“Qualora il rapporto di agenzia pendente sia sciolto per fatto concludente, con il provvedimento di esclusione dei crediti ad esso relativi dallo stato passivo del fallimento del preponente, l’agente ha diritto di esserne ammesso per i crediti maturati a titolo di indennità sostitutiva del preavviso e suppletiva di clientela”.
Così la Corte di cassazione, con la sentenza n. 10046 del 14 aprile 2023.
Il caso affrontato con la pronuncia in esame trae origine dall’impugnazione, da parte di un agente, dell’ordinanza che cristallizzava lo stato passivo del fallimento della società per la quale svolgeva la propria attività, a cui lo stesso era stato ammesso con riguardo a crediti provvigionali ma escluso per tutti gli altri emolumenti ed in particolare per l’indennità suppletiva di clientela e di mancato preavviso.
Secondo il Tribunale, l’esclusione di dette indennità era motivata dallo scioglimento ope legis del contratto di agenzia per il fallimento del preponente dovuto dall’inapplicabilità, attesa la natura fiduciaria del rapporto di preposizione, della regola generale di sospensione dei rapporti pendenti sancita dall’art. 72 del R.D. n. 267 del 16 marzo 1942 (c.d.

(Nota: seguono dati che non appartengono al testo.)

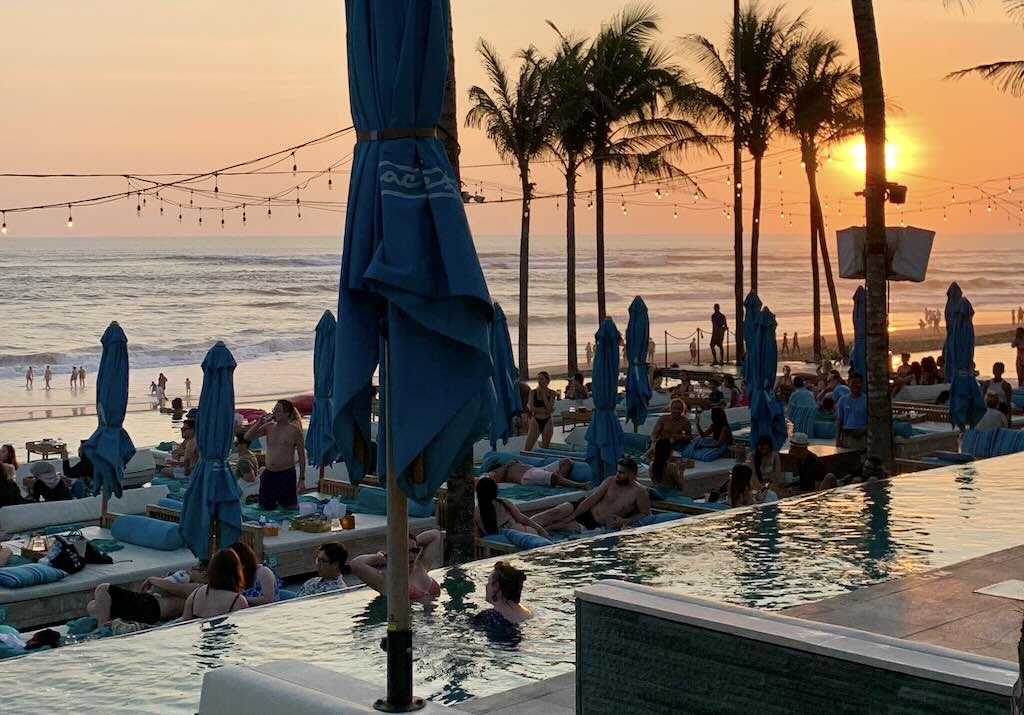 Seminyak plage Bali Atlas Beach Club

Legge Fallimentare) secondo il quale l’esecuzione del contratto, di cui una delle parti è dichiarata fallita, rimane sospesa fintanto che la curatela, autorizzata dal comitato dei creditori, non dichiari di volervi subentrare.
Così decidendo, il Tribunale assimilava il rapporto di agenzia al contratto di mandato, applicandovi, pertanto, l’art. 78 della citata legge – il quale prevedeva, prima della riforma, lo scioglimento del contratto in caso di fallimento di una delle due parti.
La Corte di Cassazione, investita della questione, dopo aver riconosciuto la discordanza delle posizioni in giurisprudenza e dottrina circa l’applicabilità al rapporto di agenzia dell’art. 72 ovvero dell’art. 78 della Legge fallimentare, ha ribadito quelli che sono i caratteri distintivi ai fini della classificazione di un rapporto come mandato e come agenzia, individuabili nella stabilità e nella natura dell’incarico. Il contratto di agenzia, infatti, prevede l’esecuzione di un’attività in maniera stabile e continuativa a differenza del contratto di mandato che concerne un’attività svolta senza vincolo di stabilità ed in via del tutto episodica.
Dunque, prosegue la Corte, al contratto di mandato possono applicarsi in via analogica solo quelle disposizioni relative al contratto di agenzia che non postulino un carattere stabile e predeterminato del rapporto (es. relative alle provvigioni) e non anche quelle che lo presuppongano, come le indennità legate alla cessazione del rapporto di lavoro (preavviso e suppletiva di clientela).
La Corte conclude chiarendo altresì che, quand’anche fosse ritenuta applicabile al rapporto di agenzia la disciplina prevista per il contratto di mandato dall’art. 78 L. fall., applicabile ratione temporis, comunque lo scioglimento del contratto, ipso iure, avverrebbe solo in caso di fallimento del mandatario (dunque dell’agente) e non anche del mandante, ovvero del preponente.